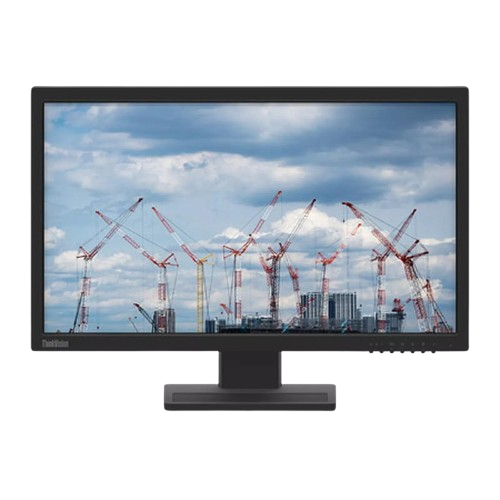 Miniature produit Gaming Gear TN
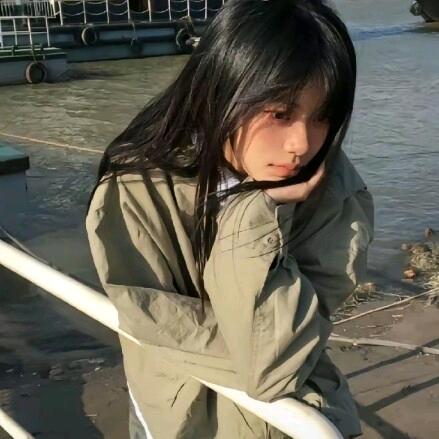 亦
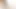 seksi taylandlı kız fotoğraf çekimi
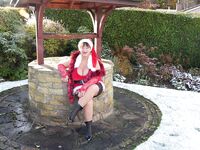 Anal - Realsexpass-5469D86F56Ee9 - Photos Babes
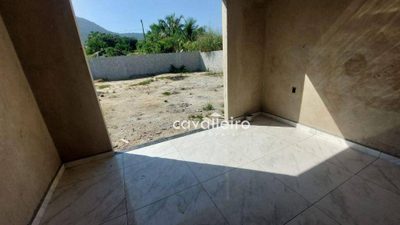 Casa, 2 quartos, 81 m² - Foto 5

-------

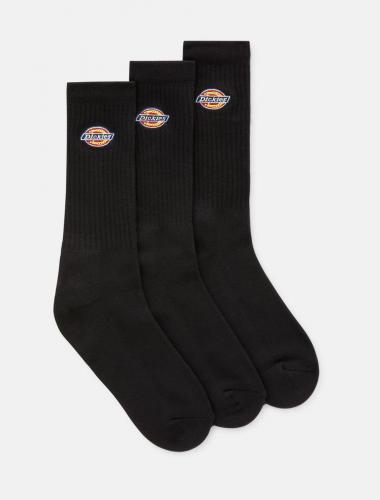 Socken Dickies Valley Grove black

-------

Assignment: The stretch to restate runs from the line above containing "Miniature produit Gaming Gear TN" through the line containing "Casa, 2 quartos, 81 m² - Foto 5". Copy it word for word, ends included, without pictures.

Problem solution:
 Miniature produit Gaming Gear TN
 亦
 seksi taylandlı kız fotoğraf çekimi
 Anal - Realsexpass-5469D86F56Ee9 - Photos Babes
 Casa, 2 quartos, 81 m² - Foto 5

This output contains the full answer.